I want to get mean absolute error (MAE) for each split of data using 5-fold cross validation. I have built a custom model using Xception.
Hence, to try this, I coded the following:
# Data Generators:
train_gen = flow_from_dataframe(core_idg, train_df,
path_col = 'path',
y_col = 'boneage_zscore',
target_size = IMG_SIZE,
color_mode = 'rgb',
batch_size = 32,
shuffle = True)
X_train, Y_train = next(train_gen)
#-----------------------------------------------------------------------
# Custom Model initiation:
base_model = Xception(input_shape = X_train.shape[1:], include_top = False, weights = 'imagenet')
base_model.trainable = True
model = Sequential()
model.add(base_model)
model.add(GlobalMaxPooling2D())
model.add(Flatten())
model.add(Dense(16, activation = 'relu'))
model.add(Dense(1, activation = 'linear'))

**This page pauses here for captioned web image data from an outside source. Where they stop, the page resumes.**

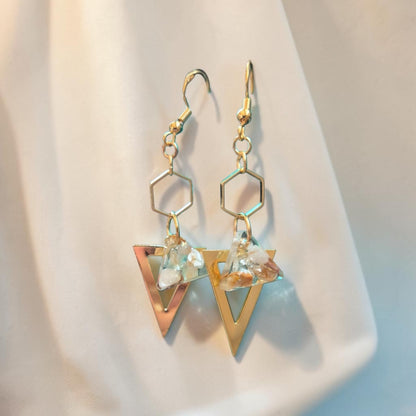 Golden Geometric Dangle Earrings with Tumbled River Stone in Resin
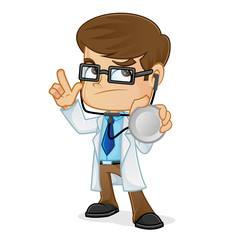 Doctor Holding Stethoscope Thinking and Pointing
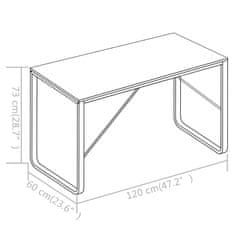 Vidaxl Računalniška miza črna in hrast 120x60x73 cm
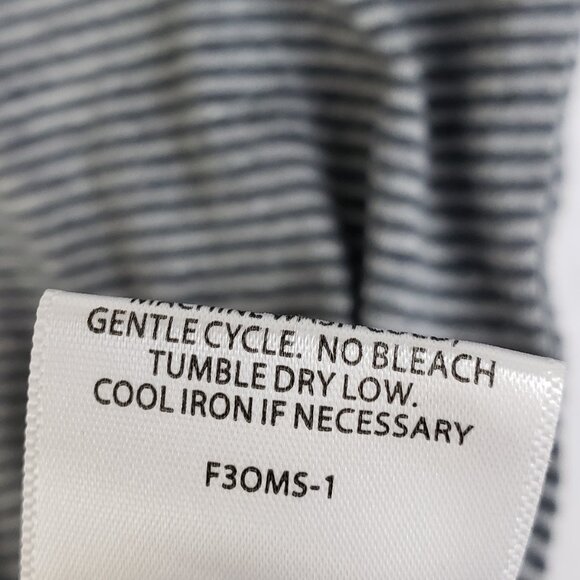 EILEEN FISHER Organic Cotton Striped Top 3/4 Sleeve size M Gray Lagenlook Casual - Picture 7 of 8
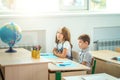 School children participating actively in class. Education, learning, high school Royalty Free Stock Photo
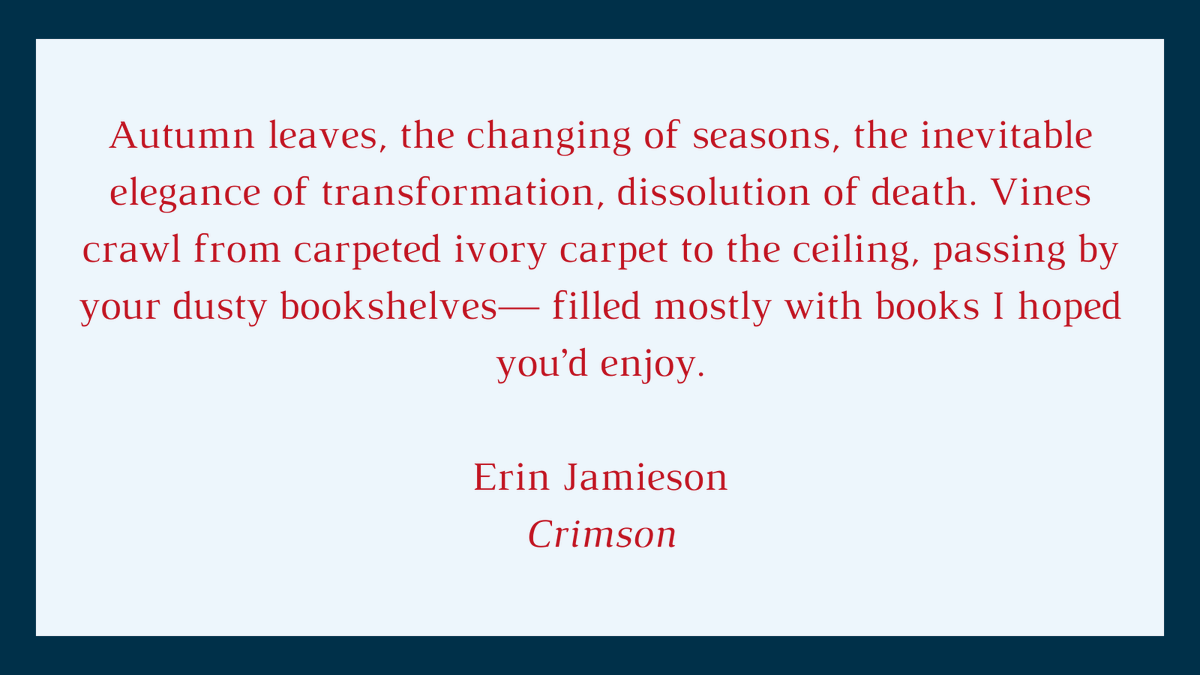 In Erin Jamieson's "Crimson," explore heartbreak through the painting of a room. This bite-sized piece is full of grief and color - blink and you'll miss it. Read it in CHROMA 8/31. #WritingCommunity #ampublishing #litmag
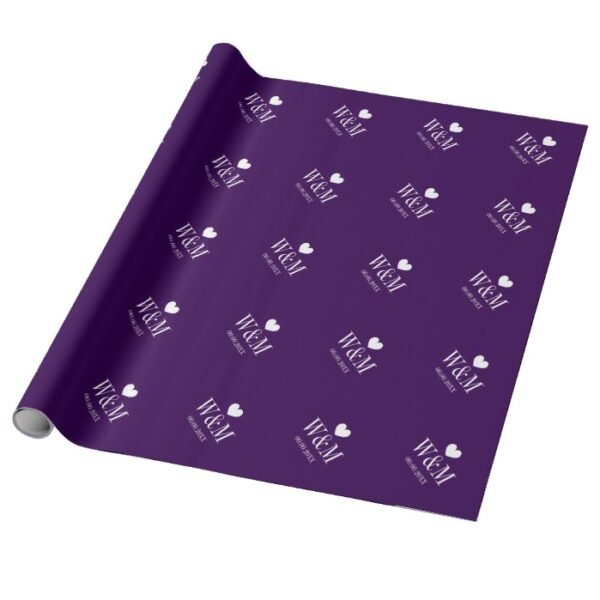 Elegant chic monogram purple wedding wrappingpaper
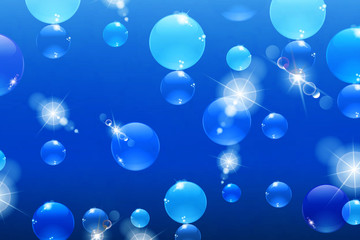 bubbles with reflections on a blue background, under water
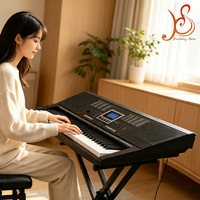 Teclado Electrónico HUASHENG de 61 Teclas, 300 Timbres, 300 Ritmos, Pantalla LCD, Reproductor USB, Piano de Enseñanza
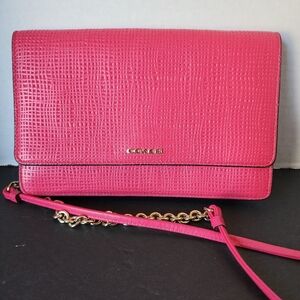 Coach Madison Hot Pink Crosshatch Crossbody Clutch, EUC, 2015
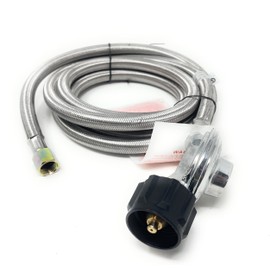 QCC-3/8 Universal QCC1 Low-Pressure Propane Regulator with Stainless Steel Braided Hose [949-040] for Most LP Gas Grills, Heaters, and Fire Pit Tables, 3/8" Female Flare Nut, Steel (Hose Length 8')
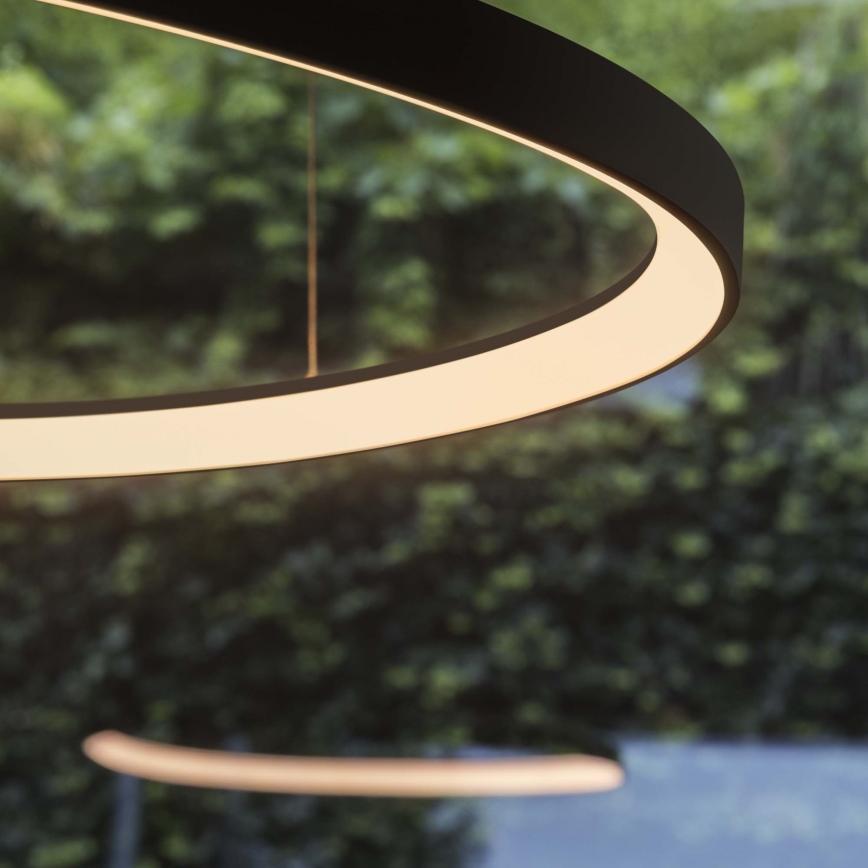Ideal Lux - GEMINI LED -riippuvalaisin vaijerilla, 36W/230V, 4000K, halkaisija 42,5 cm, CRI 90, musta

def mae_months(in_gt, in_pred):
return mean_absolute_error(boneage_div * in_gt, boneage_div * in_pred)
# Compile model
adam = Adam(learning_rate = 0.0005)
model.compile(loss = 'mse', optimizer = adam, metrics = [mae_months])
#-----------------------------------------------------------------------
# KFold
n_splits = 5
kf = KFold(n_splits = n_splits, shuffle = True, random_state = 42)

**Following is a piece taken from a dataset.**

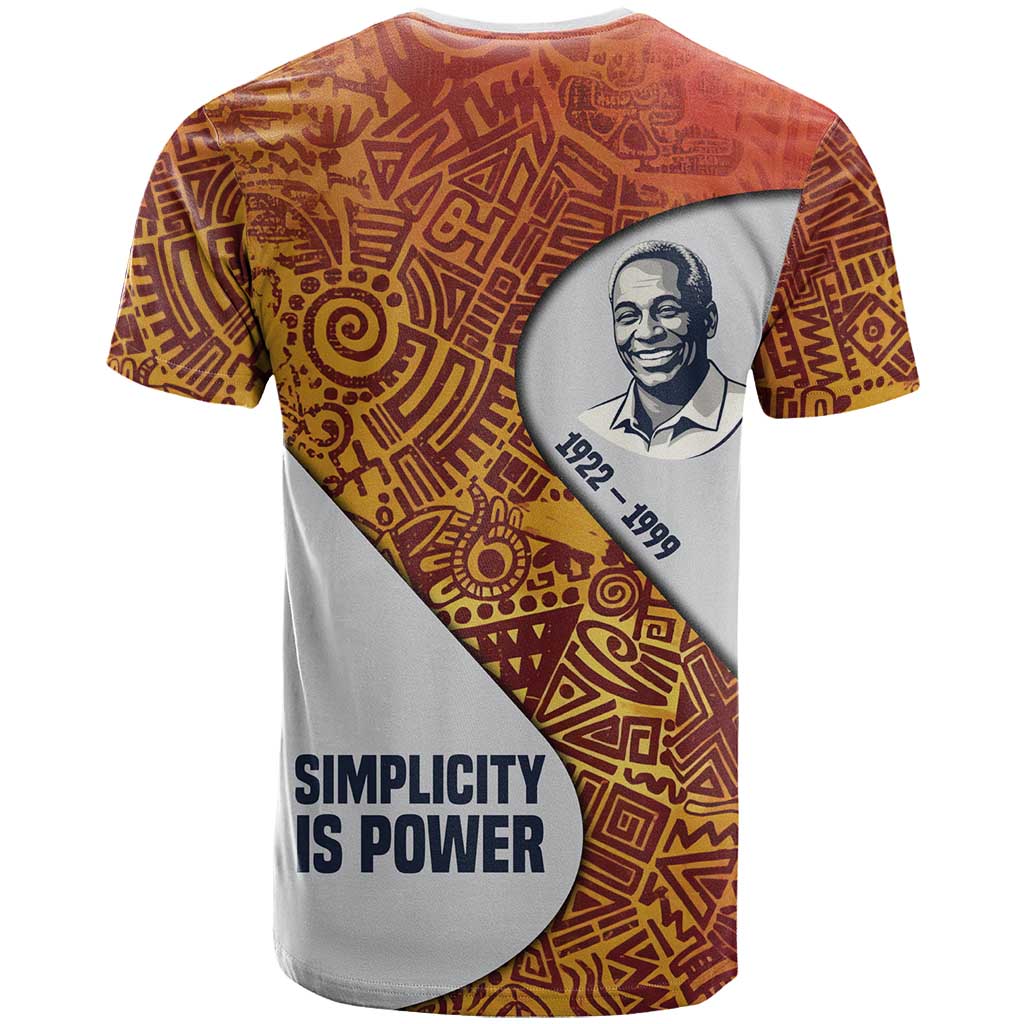Julius Nyerere T shirt with Smiling Portrait, Tribal Pattern and Simplicity is Power Quote - Wonder Print Shop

I coded up to KFold, but now I am stuck with proceeding to the cross validation step to get MAE for each data splits?
A post here suggests a for loop for each Kfold splits, but that's only if the model such as DecisionTreeRegressor() is used instead of a custom model using Xception like mine?
UPDATE
After referring to the suggestion below, I applied the code as follows after the using KFold:
# Data Generators:
train_gen = flow_from_dataframe(core_idg, train_df,
path_col = 'path',
y_col = 'boneage_zscore',
target_size = IMG_SIZE,
color_mode = 'rgb',
batch_size = 1024,
shuffle = True)
...
...
...
mae_list = []
n_splits = 5
kf = KFold(n_splits = n_splits, shuffle = True, random_state = 42)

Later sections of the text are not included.